Há um constante embate entre o individualismo e o serviço. Tal como qualquer “ismo” prevalece um sistema com suas regras para conduzir doutrinariamente um indivíduo, ou seja, qualquer individualista apenas busca se perceber no mundo e vive prioritariamente em um sistema onde a roda da acumulação, êxito e poder gira ao seu favor. Essa tal roda, gira entre alguns fatores, impelida pelo darwinismo social onde quem está mais apto ao mercado sobrevive e os menos aptos sucumbem diante dos nossos olhos com total menosprezo.
O darwinismo social surgiu fundamentado nas propostas biológicas do inglês Charles Darwin. Alguns pensadores sociais transportaram as ideias darwinistas de evolução e adaptação aplicadas ao campo biológico para trazer assim uma compreensão das civilizações e demais práticas sociais. Essa cosmovisão social está atrelada a justificativa das grandes potências capitalistas, isto é, a assertiva para a promoção de um neocolonialismo nos territórios afro-asiáticos, e porque não dizer, veladamente ou nem tanto assim, nos ares latino-americano. Esse “tiro certeiro” não foi tão certeiro assim, pois fica clara a implementação descarada de uma superioridade de determinadas nações e sua insistência de “enfiar goela abaixo” o desejo do seu estilo de vida próprio (american way). Os darwinistas sociais foram infelizes, pois interpretaram os aspectos sociais por um viés que não é justificável nem pelo darwinismo biológico.
De fato, o darwinismo social criou métodos de compreensão da cultura impregnados de equívocos e preconceitos. Na verdade, ao falar de evolução, Darwin não trabalhava com uma teoria vinculada ao choque binário entre superioridade e inferioridade. Sendo uma experiência dinâmica, a evolução darwiniana acreditava que as características que determinavam a “superioridade” de uma espécie poderiam não ter serventia alguma em outros ambientes prováveis.
A compreensão das nações “superiores” em relação as “inferiores” é caracteristicamente narcisista. Olham de cima para baixo, como os sem cultura ou os de subcultura, enquanto aquelas são o suprassumo da inteligência e da evolução. Onde todos os caminhos possíveis já foram perseguidos pelos superiores e os inferiores devem ser vistos como coitados, bárbaros ou jurássicos no entendimento do todo. O dinamismo étnico desvincularia qualquer ensejo de padrão. O que serve para uns não necessariamente atende a todos!
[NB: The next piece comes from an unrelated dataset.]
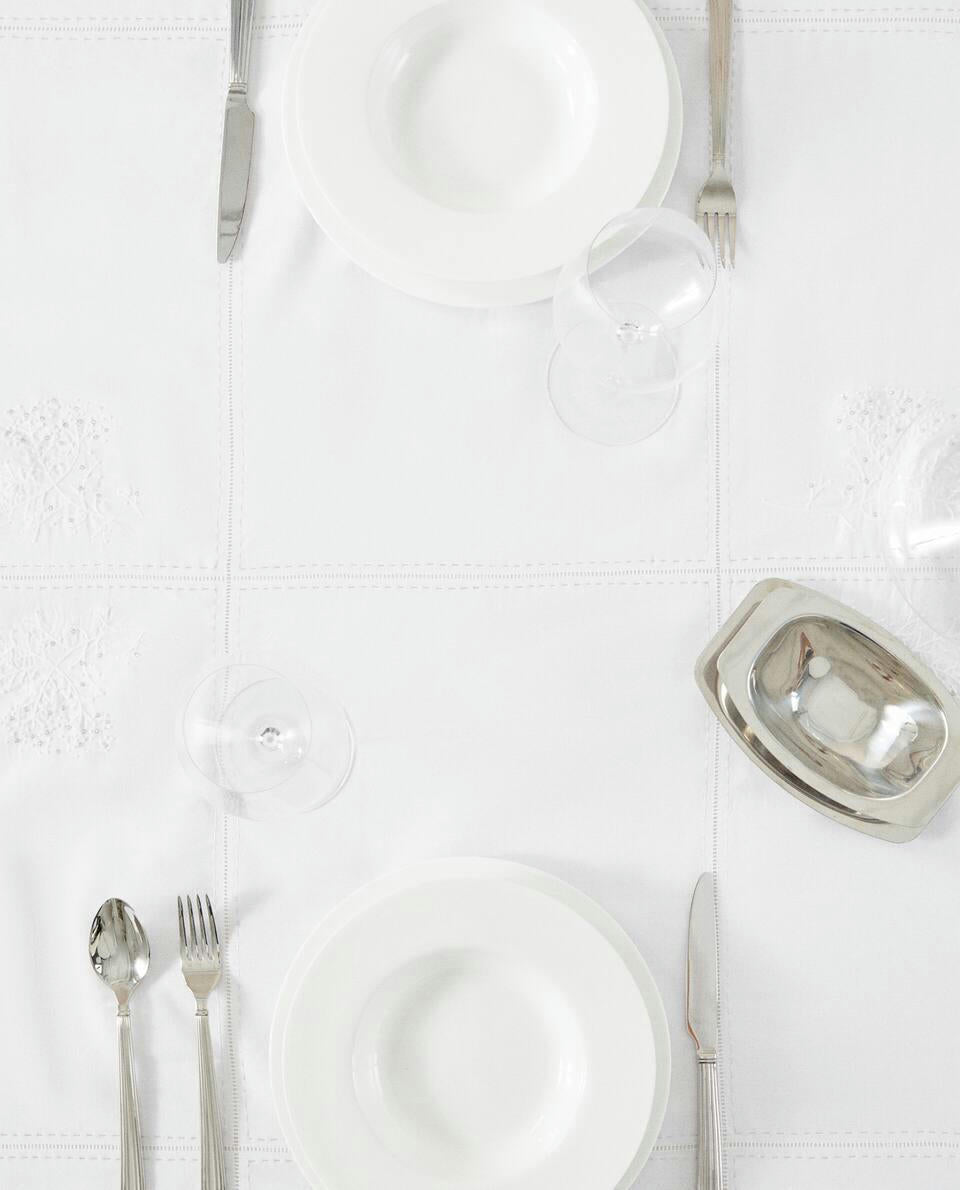 MANTEL DE RAMIO CON BORDADO NAVIDEÑO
As pessoas seguem os padrões não com aquele coitadismo apenas de serem aceitos pela sociedade, mas muito mais pelo desejo antropofágico de querer ser o outro. Vamos melhorar essa compreensão? O desejo do escravo não era deixar de ser escravo para viver sua liberdade, ter sua própria terra, cultivá-la, buscar relacionamentos longe das obrigatoriedades, ir e vir quando e onde quisesse, espreguiçar-se e alongar-se ao seu bel prazer, contemplar a luz do dia e contar as estrelas sem a repressão do olhar do seu déspota, nada disso! Tudo isso é poético, mas não prático, pois a maioria deles queriam de fato era se torna um dia senhor e, portanto, poder escravizar os outros. É duro perceber que em nossas relações o que traz contento não é o que traz alegria a todos, mas sim a dor do outro.
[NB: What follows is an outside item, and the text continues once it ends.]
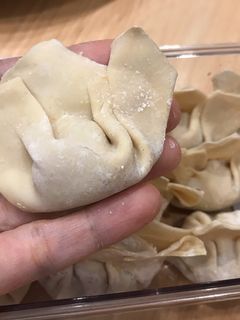 Hình của món Hoành thánh.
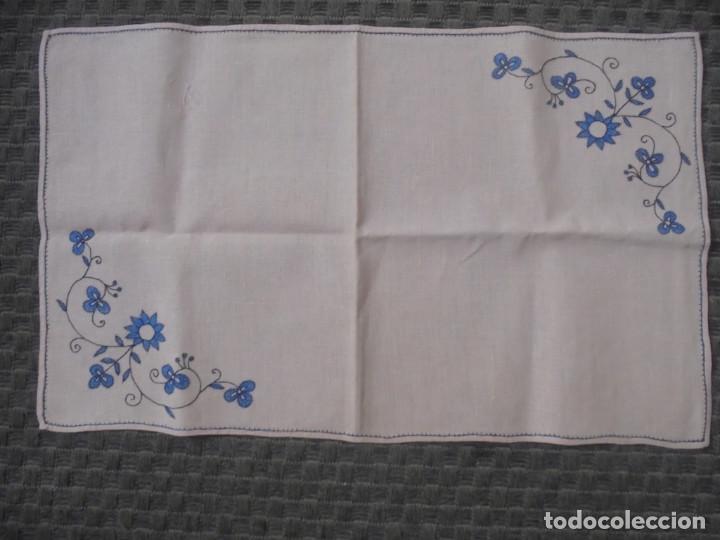 Vintage: vintage mantel bordado a mano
Servir é o ato de compreensão dos limites. Quantos são animais ferozes em relação aos limites alheios, mas são belas e inofensivas ovelhinhas em relação as suas próprias limitações. Reclamam quando o mundo é incompassivo com eles, mas são incompassivos as limitações do outro. O Apóstolo Paulo quando fala da carne sacrificada a ídolos alerta para que não nos achemos a medida de todas as coisas. Jesus dirá: Com à medida que vocês medirem, vocês serão medidos também.
Não são as imposições dos padrões de sucesso e de status que trará vida, já que a vida se faz quando encontra as diversidade da experiência alheia. Como numa grande Pangeia, retornamos à junção dos continentes que um dia decidiram se ilhar. Vale aqui lembrar o que o filósofo colombiano Bernardo Toro nos alerta “o cuidado não é uma opção: aprendemos a cuidar ou perecemos”. Segundo ele, esse “saber cuidar de si e do outro” é o cuidado fundamental. A partir dessa consciência, os que ficarem para trás não serão considerados matéria de análise para o carbono 14 no futuro, mas seguiremos juntos para o sagrado sonho chamado Reino de Deus. Um reino que assimila a multiplicidade como riqueza daquilo que nos promove a humanidade.